Once the foundations are perfectly dry, the traditional construction begins with the foundations, with the pouring of the floor slab:
– This will serve as a low floor or floor for the crawl space or the basement.
– It must receive the reservations for the water and energy supplies, as well as the evacuations.
The structural work continues with the building of the construction by blocks, bricks and lintels, until the waterproofing and air proofing:
– The construction is said to be out of water when it has become watertight to precipitations, thus after the erection of the walls and the installation of the framework and roofing.
– The construction is out of the air once the external joineries (openings, doors and windows) are installed.
Good to know: most traditional houses can be sold at this stage of construction so that the owners can take care of the finishing touches themselves. This is an economical solution that most builders offer to their customers.

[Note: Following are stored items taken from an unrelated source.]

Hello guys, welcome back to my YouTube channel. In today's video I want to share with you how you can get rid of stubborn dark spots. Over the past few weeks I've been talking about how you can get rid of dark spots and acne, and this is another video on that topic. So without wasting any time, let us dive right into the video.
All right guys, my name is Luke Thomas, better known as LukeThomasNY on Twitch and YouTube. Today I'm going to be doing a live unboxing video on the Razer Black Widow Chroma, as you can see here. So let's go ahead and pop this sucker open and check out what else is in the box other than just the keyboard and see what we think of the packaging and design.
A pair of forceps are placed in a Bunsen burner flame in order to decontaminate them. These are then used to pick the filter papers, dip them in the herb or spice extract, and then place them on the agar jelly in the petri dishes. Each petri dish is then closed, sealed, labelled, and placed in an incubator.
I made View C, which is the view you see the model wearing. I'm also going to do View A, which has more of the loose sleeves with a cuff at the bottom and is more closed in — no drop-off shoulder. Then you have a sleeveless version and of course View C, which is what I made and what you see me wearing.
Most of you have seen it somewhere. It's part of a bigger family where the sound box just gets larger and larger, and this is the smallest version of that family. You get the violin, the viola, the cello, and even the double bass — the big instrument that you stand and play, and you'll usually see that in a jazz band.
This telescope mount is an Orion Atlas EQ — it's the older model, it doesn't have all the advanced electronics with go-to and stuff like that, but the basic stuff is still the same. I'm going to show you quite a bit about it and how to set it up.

The finishing touches are the finishing touches to the building. It allows the building to become a livable house:
– The builder has normally studied the insulation. It must meet the energy performance criteria.

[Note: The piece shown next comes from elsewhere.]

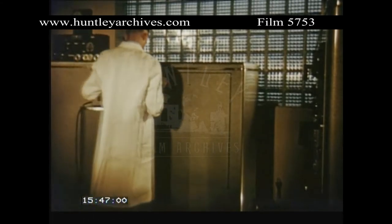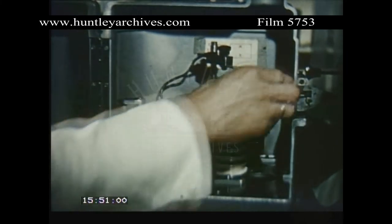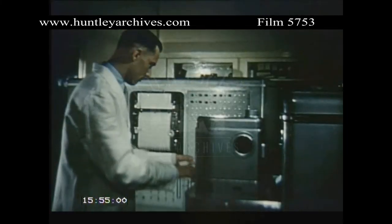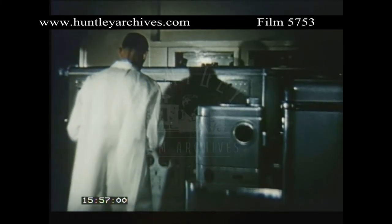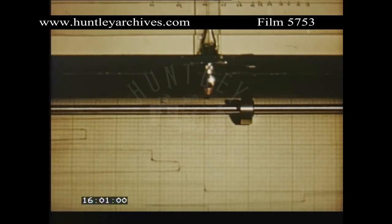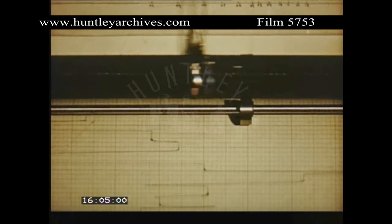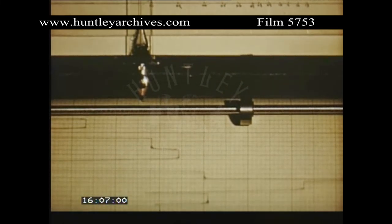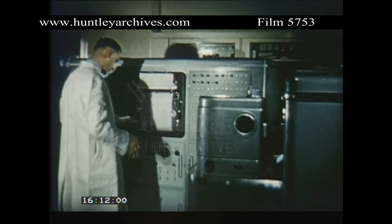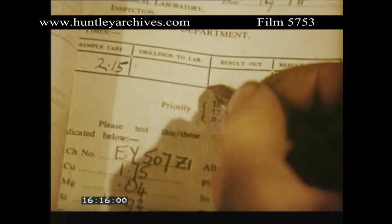When the sample has been trimmed and machined, it is sparked for a fixed period, during which each photocell measures the brightness of its spectrum line. The information is fed to the recording console, which measures and records the quantity of each element in turn. The analysis, which would have taken at least two or three hours by ordinary chemical methods, is complete in five minutes.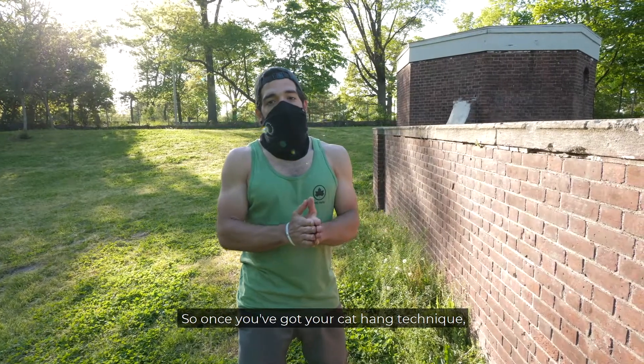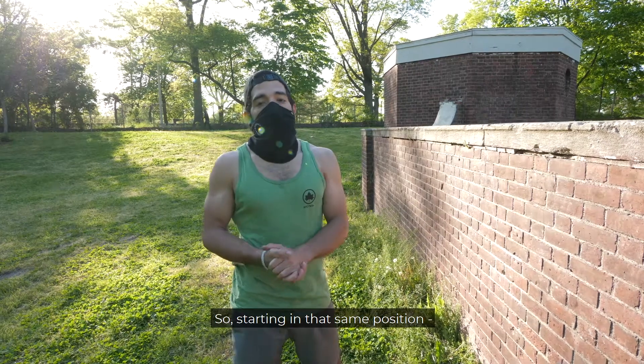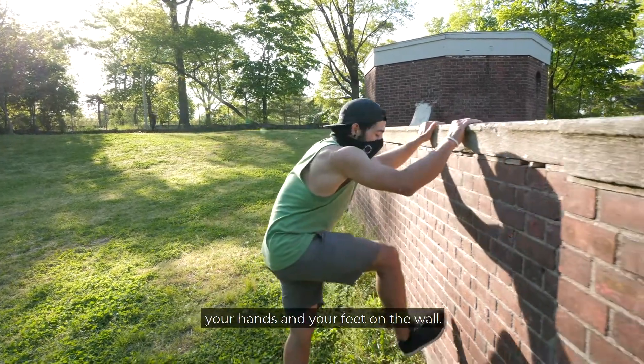Once you've got your cat hang technique, one way you can progress is by doing a pull-up in your cat hang. Starting in that same position, your hands and your feet on the wall.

– The installation of the interior partitions that separate the rooms, but are not load-bearing (from the frame), then the interior woodwork (including any interior staircases) is also part of the construction finish.
The routing and connection of the various networks (water supply and drainage, energy, ventilation, air conditioning, smoke, etc.) are made throughout the finishing work:
– Some connections require that the interior partitions are in place (electrical outlets), while others require grooves in the walls before the insulation is installed.
– In the case of a complete residential development by the builder, it is up to him to coordinate the successive interventions of the various trades, to make sure of the continuous operation of the building site and not to have to break elements installed to pass networks, insulating materials, trays, plumbing and sanitary in particular.
Good to know: it is recommended to proceed to intermediate infiltrometry tests to ensure that each trade (electricity, plumbing, carpentry and heating in particular) has proceeded to seal the ducts and sheaths. This approach ensures that the level of air permeability of the building is achieved, and that work does not have to be resumed when the participants have left the site.
The construction of the traditional house ends with the installation of the finishing touches (earthenware, tiles, woodwork, floor and wall coverings, etc.) and the fitting out of the various rooms to give them their function as planned.